Each EdgeLake is instance is configured to pull data from one or more KubeArmor instances. Users have full discretion where to deploy the EdgeLake instances - on the same physical node as KubeArmor or at a remote node.

EdgeLake can be deployed as an independent instance or as a background process on a machine shared with other instances (physical or virtual).

To host the KubeArmor data, EdgeLake is using a gRPC client service connector (details are available here) to pull the data and host it locally on the EdgeLake node. As each EdgeLake node is a member of the EdgeLake Network, the distributed data is available through the EdgeLake Network services as if the data is centralized.

The overall architecture is shown in the diagram below:




Using this architecture two EdgeLake instances are hosting the KubeArmor event data: EdgeLake 1 is deployed on the same node with KubeArmor. It pulls the KubeArmor event data and hosts it locally.

EdgeLake 2 is deployed on a dedicated node and is pulling data from two KubeArmor instances. EdgeLake 3 is configured to service SQL requests from applications that query the data.

In the same way that applications interact with a relational database, EdgeLake 3 presents to the applications a list of databases, a list of tables for each database and a list of columns per each table.

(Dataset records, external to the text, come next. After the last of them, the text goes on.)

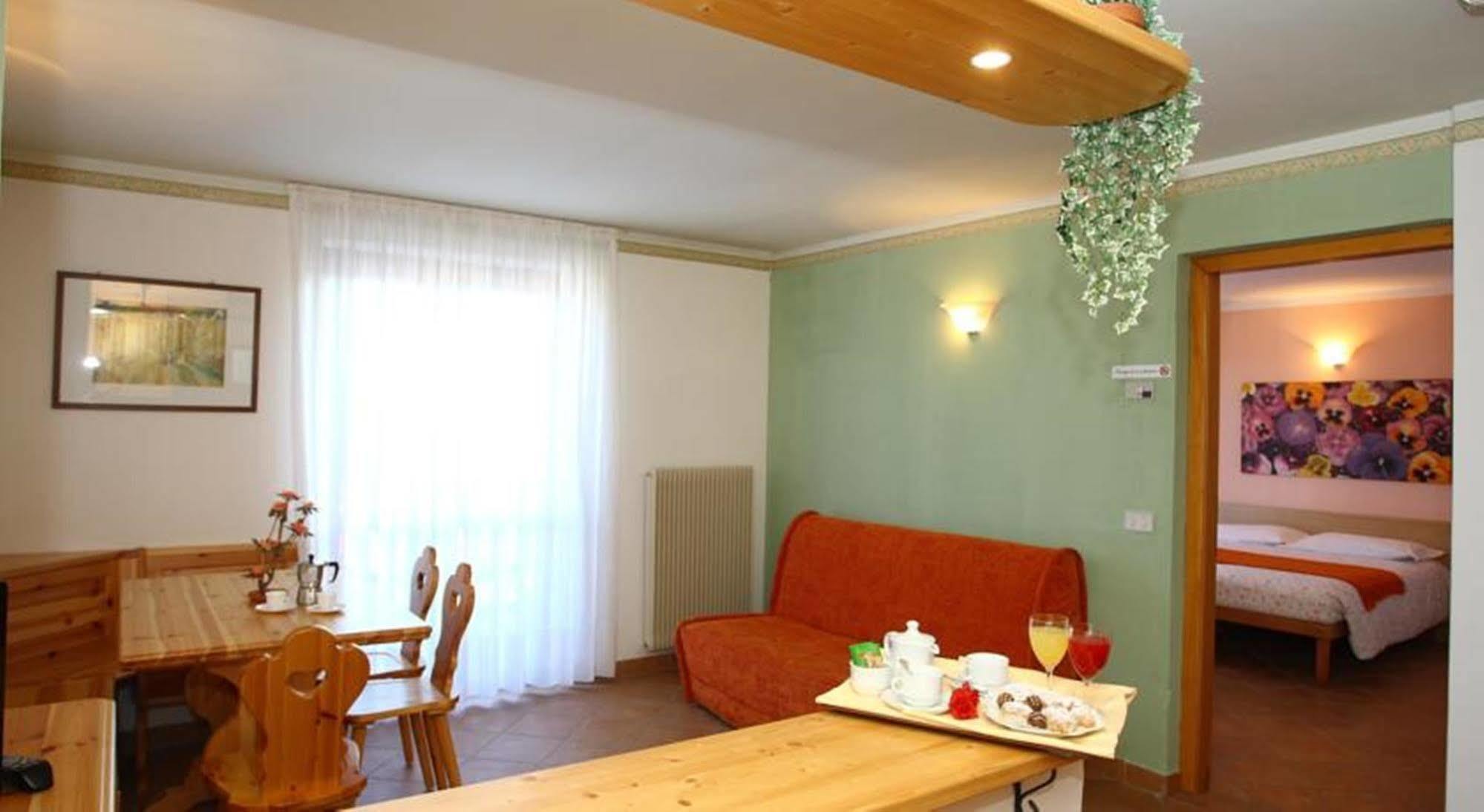 Hotel & Residence Montana ไฟเดลลาปากาเนลลา ภายนอก รูปภาพ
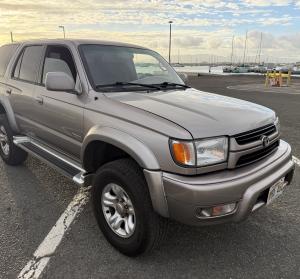 2002 Toyota 4Runner image 1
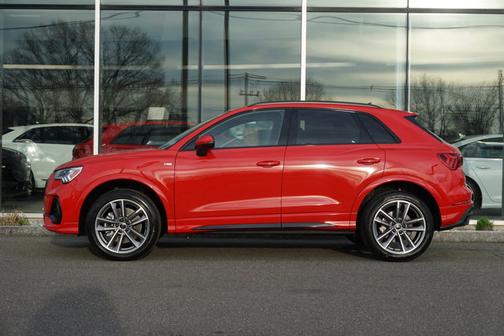 2025 Audi Q3 Premium 45 TFSI S line quattro Tiptronic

Using this metadata, applications and users formulate and issue a query to EdgeLake 3. Using the EdgeLake Network protocol and a shared metadata layer (the shared metadata is transparent to the applications and not shown in the diagram), EdgeLake 3 will identify the EdgeLake nodes that host the relevant data (in this example EdgeLake 1, or EdgeLake 2, or both), deliver the query to the participating nodes, and unify the results returned from all the participating nodes.

This process allows to return a complete reply to the application (as if the KubeArmor event data is centralized).

  • This process is efficient as only queries and result sets are being transferred over the network and the core data remains in place.

  • This process is cost-effective as it is not using cloud services

Servicing the KubeArmor data to applications

Using this approach, applications connect to a single node in the EdgeLake Network, without the need to know which are the nodes that host the needed data. However, the queries are distributed transparently to the nodes that host the data that needs to be considered, and a complete result set is returned to the query process. 

The following Dashboard represents a result set returned to a query that was issued to an EdgeLake Network that services multiple KubeArmor instances (the dashboard is using Grafana, but users can leverage PowerBI or any other tool of their choice).



Deployment Options

EdgeLake nodes can be configured to satisfy different deployment and setup requirements. Some of the commonly used options that are used to support KubeArmor event data are listed below: 

  • The number of EdgeLake instances in a network.

  • The number of KubeArmor instances that are supported by each EdgeLake node.

  • The volumes of data to keep on each EdgeLake  node.

  • Data Archive options.

  • High Availability Options.

  • Rules on each of the deployed nodes.

  • Monitoring active KubeArmor Processes

  • Alerts based on data and resource status.

  • Policies to identify and tag nodes and events. The tagging can be leveraged in the query and monitoring processes.